**Exercise brief:** Pictures appear among the records below and must be omitted. Repeat exactly the lines from the line with "COWBOY BEAR HEAD SPORT LOGO" to the line with "925 ... Collier", both included.

**Source material:**
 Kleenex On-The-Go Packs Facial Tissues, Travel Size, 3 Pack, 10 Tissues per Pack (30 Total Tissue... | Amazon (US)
==
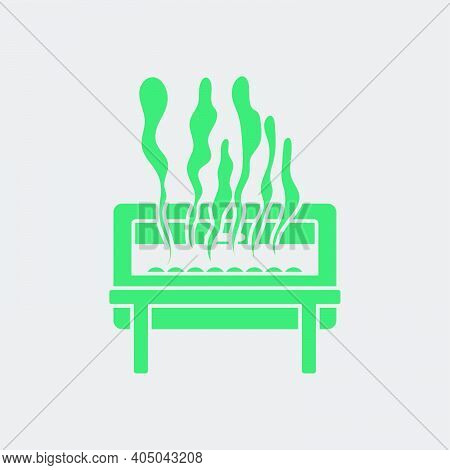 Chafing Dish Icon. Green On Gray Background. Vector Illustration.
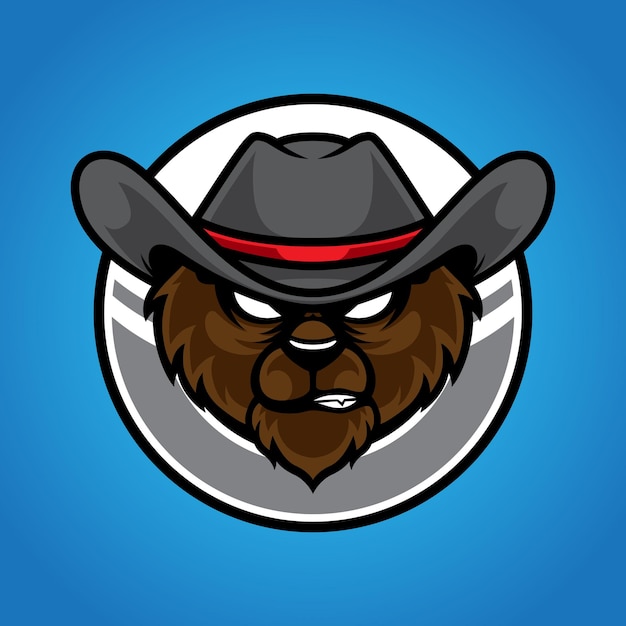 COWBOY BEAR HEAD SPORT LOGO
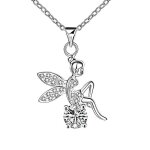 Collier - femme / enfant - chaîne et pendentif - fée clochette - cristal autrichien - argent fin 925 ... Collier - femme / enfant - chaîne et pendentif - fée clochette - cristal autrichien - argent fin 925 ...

**Task answer:**
 COWBOY BEAR HEAD SPORT LOGO
 Collier - femme / enfant - chaîne et pendentif - fée clochette - cristal autrichien - argent fin 925 ... Collier - femme / enfant - chaîne et pendentif - fée clochette - cristal autrichien - argent fin 925 ...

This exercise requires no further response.